Water lilies grew in water troughs above reflecting pools that were fed by natural spring water. Much restoration work remains, but the gardens are beginning to blossom, both literally and metaphorically.


For eight Sundays throughout the summer, the gardens will be open from 12:30 p.m. to 3:30 p.m., with special activities planned for children.

"Only the grounds will be open, not the house, and it’s going to be free to the public," said Jane Yunginger, coordinator of landscape restoration.

Volunteers are working diligently to uncover and restore the historic gardens and ponds that trickled water from one to the next during the gardens’ heyday.

"Charlie created all of these eight ponds. What has happened out there recently has been very exciting. The landscape is definitely cleared," Yunginger said. "People can see the ponds. We don’t have the buckthorn, and invasive raspberry. We’re hoping we’ll get more interest, more donations and we may pick up some more volunteers."

The Mayowood house offers a backdrop for self-guided exhibit-garden tours. Volunteers will also be available to answer questions.

Landscape Research of St. Paul told the historical society several years ago that the Mayowood gardens, when restored, will become "one of the most significant water and garden tours in the United States."

That could mean thousands of visitors to southeastern Minnesota annually, and a boost to the Rochester economy, proponents believe.

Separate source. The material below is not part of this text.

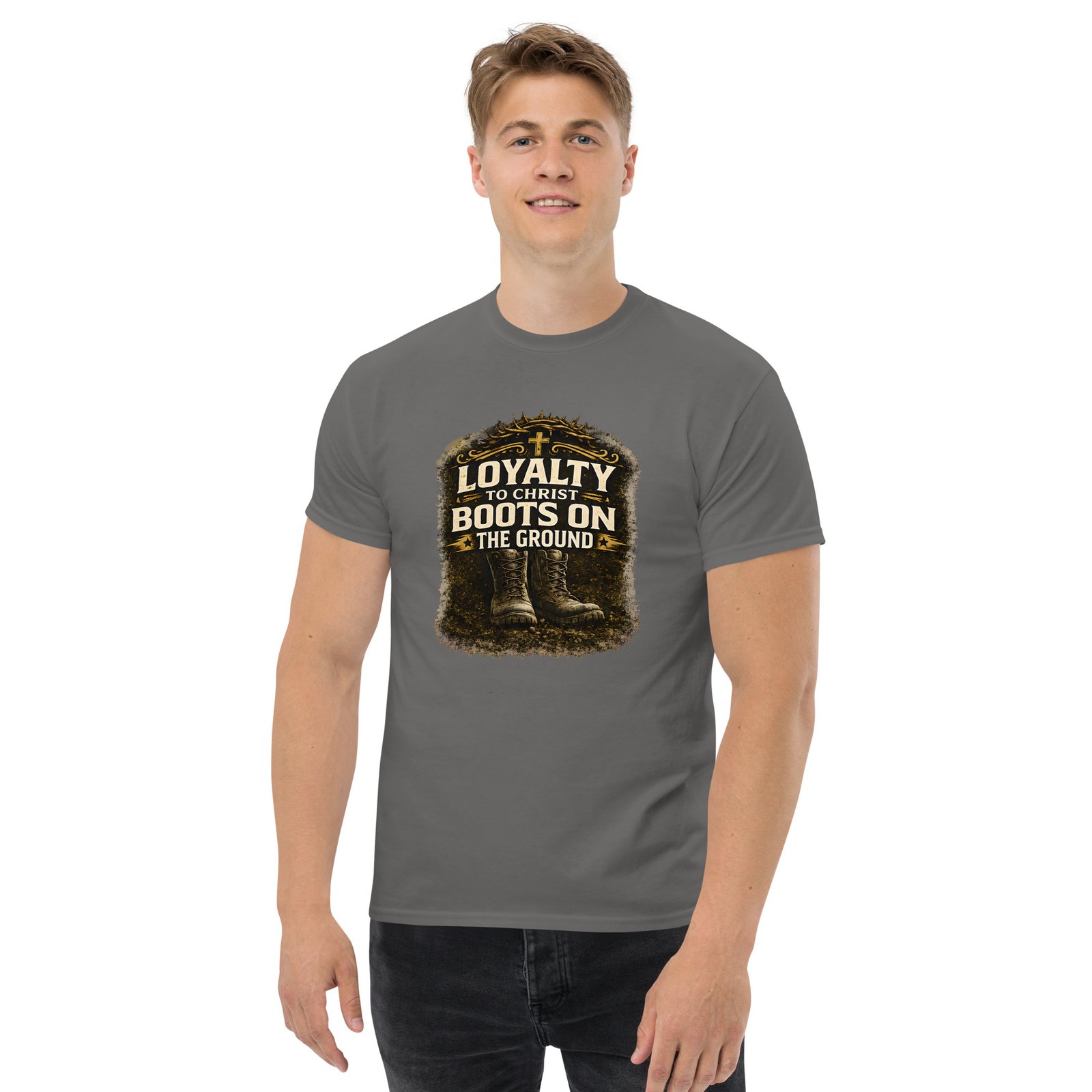 loyalty to christ — boots on the ground tee loyalty to christ — boots on the ground tee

Outdoor fun begins June 13, with the annual fundraiser, called "Family Festival." Admission that day will be $10 for adults, $7 for children 4 to 12 and free for children 3 and younger (the other eight Sundays offer free admission). Family Festival discount tickets ($1 off) will be on sale later this year at the History Center of Olmsted County, Sargents Floral and Hunt Drug.

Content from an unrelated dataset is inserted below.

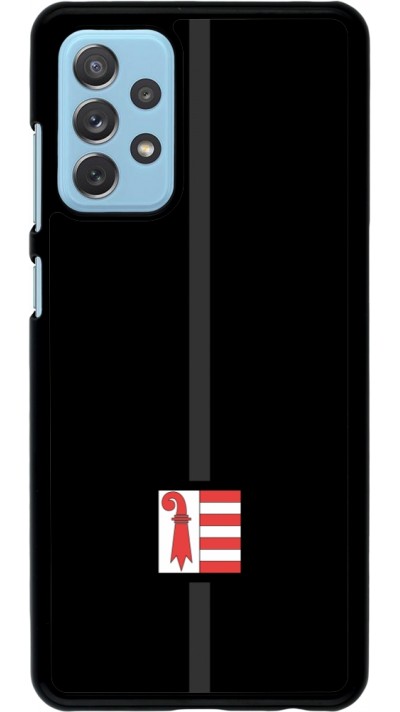 Samsung Galaxy A72 Case Hülle - Kanton JU schwarz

After the festival, the exhibit-garden grounds will be open free all Sundays except July 3 — from June 28 through Aug. 16.

"The landscape out there, it’s such a beautiful place," Yunginger said.

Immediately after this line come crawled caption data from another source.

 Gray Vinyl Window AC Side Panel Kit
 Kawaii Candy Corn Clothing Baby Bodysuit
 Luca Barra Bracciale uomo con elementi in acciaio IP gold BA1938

Special events are scheduled each day, including children’s book readings, Quarry Hill bird banding (July 19 and Aug. 16), herbs and sensory plants with fairy-garden themes and a historic trees discussion.

Mayowood garden volunteers have discovered surprises along the way, such as Dr. Charlie’s hand-written signature in a concrete path. A master gardener also diverted a natural water supply into one of the ponds and, after 70 years, "it filled within 10 days," Yunginger said.

But there have been setbacks, too.

"We were doing so well, and then some animal came up and ate the water lilies," she said (something any gardener can relate to).

Want to help coax the gardens along? Yunginger said you can send a check to the Olmsted County Historical Society made out to "Mayowood Landscape," or take a check with you to one of the public events. Or, call the historical society to volunteer.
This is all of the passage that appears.